Their idea is remarkably simple. Their space-time crystal consists of a cloud of beryllium ions trapped in an circular electromagnetic field. The ions naturally repel each other and so spontaneously form a circle. That’s a type of spatial ionic crystal, something physicists have played with for years.

The idea of a permanently rotating ring might have uncomfortable parallels with a perpetual motion device. But a space-time crystal does not violate any laws of physics. That’s because it exists in its lowest energy state and so cannot do work–energy cannot be extracted from this system even though it is moving.

That’s more than a mere curiosity. One reason why space-time crystals are interesting is that their periodicity in time makes them natural clocks. So there should be plenty of people with more than a passing interesting in making one.

And that should be sooner rather than later. Tongcang and co’s space-time crystal ought to be possible to make now using state of the art ion traps.

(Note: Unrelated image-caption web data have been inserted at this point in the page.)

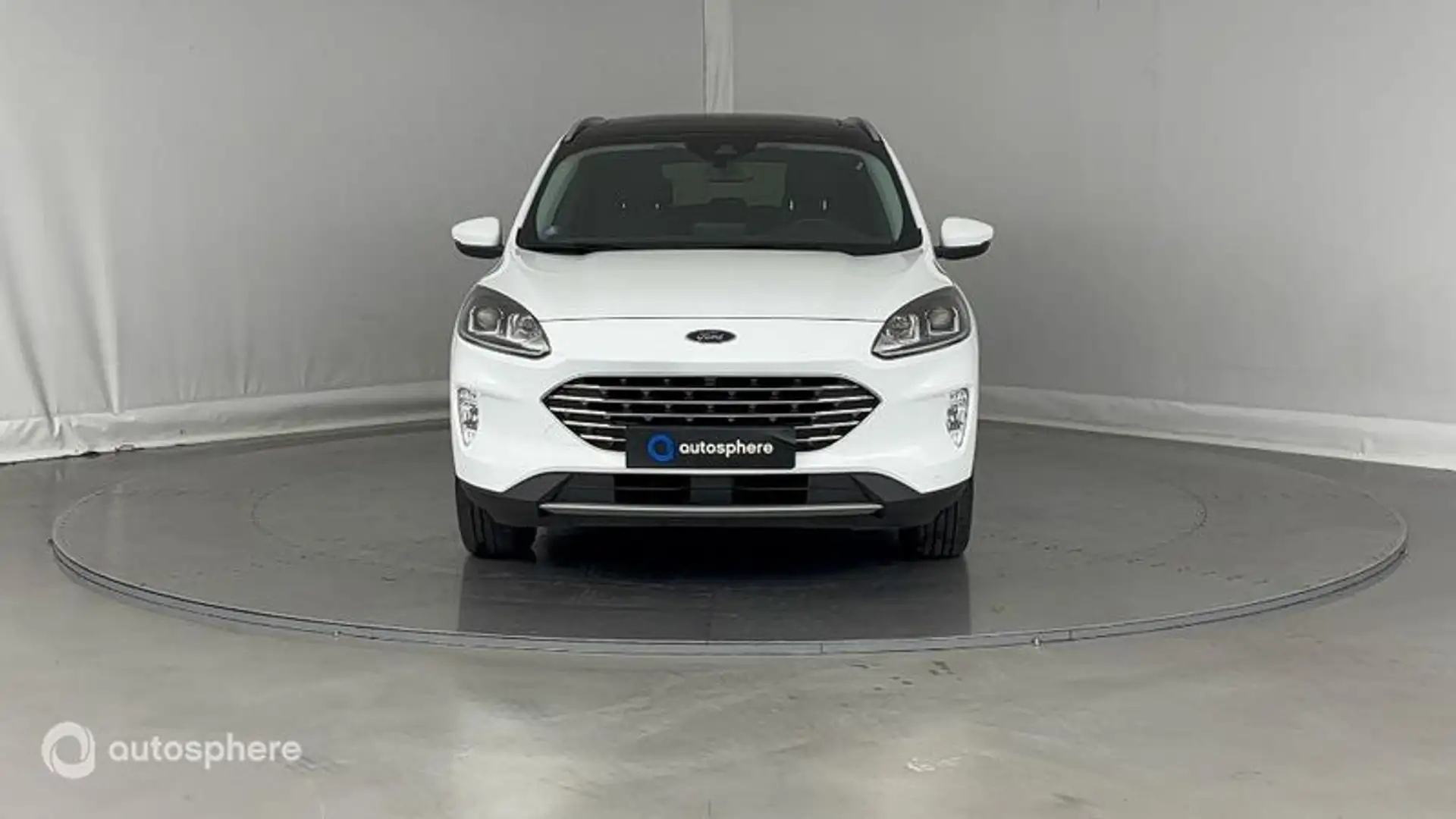 Ford Kuga 2.5 Duratec 190ch FHEV E85 Titanium BVA - 2
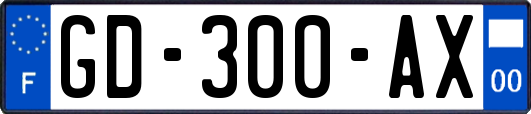 GD-300-AX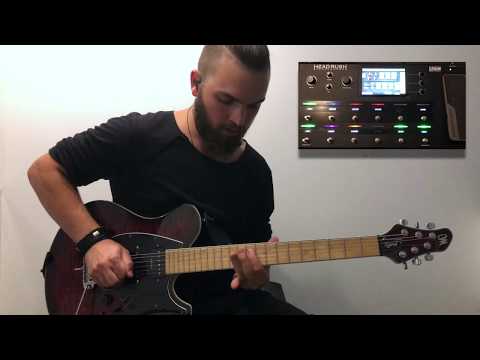 Kacper Winiarek - You Give Love a Bad Name (Bon Jovi) guitar cover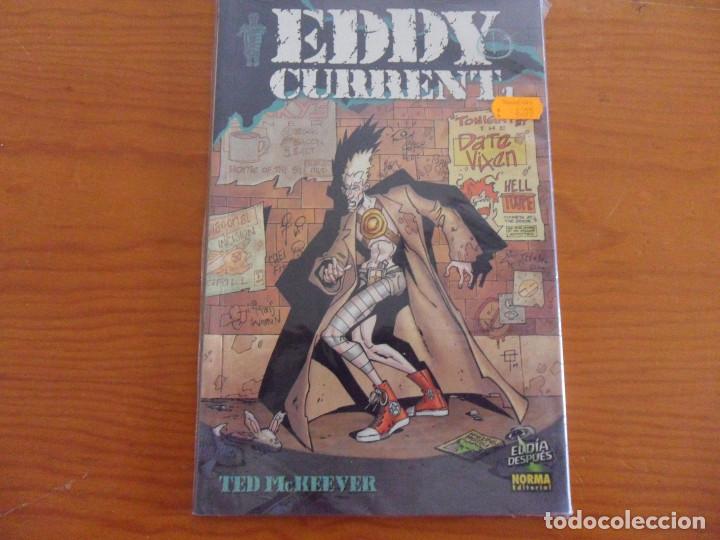 C&oacute;mics: eddy current - t1 - el dia despues n&ordm; 03 - norma editorial - Foto 1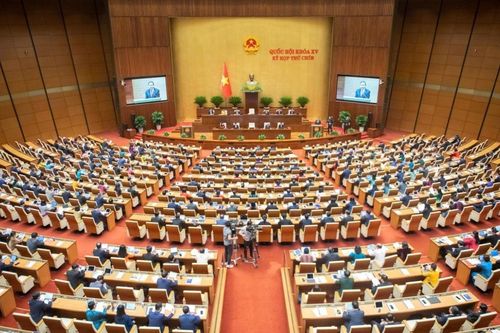 Quốc hội hôm nay thảo luận Luật Thuế tiêu thụ đặc biệt (sửa đổi)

Abstract- Great progresses have been made in exploring exciting physics of low dimensional materials in last few decades. Important examples include the discovering and synthesizing of fullerenes (zerodimensional,0D) [1], carbon nanotubes (1D) [2] and graphene (2D) [3]. A fundamental question is whether we can create materials with dimensions higher than that of conventional 3D crystals, for example, a 4D crystal that has periodic structures in both space and time. Here we propose a space-time crystal of trapped ions and a method to realize it experimentally by confining ions in a ring-shaped trapping potential with a static magnetic field. The ions spontaneously form a spatial ring crystal due to Coulomb repulsion. This ion crystal can rotate persistently at the lowest quantum energy state in magnetic fields with fractional fluxes. The persistent rotation of trapped ions produces the temporal order, leading to the formation of a space-time crystal. We show that these space-time crystals are robust for direct experimental observation. The proposed space-time crystals of trapped ions provide a new dimension for exploring many-body physics and emerging properties of matter.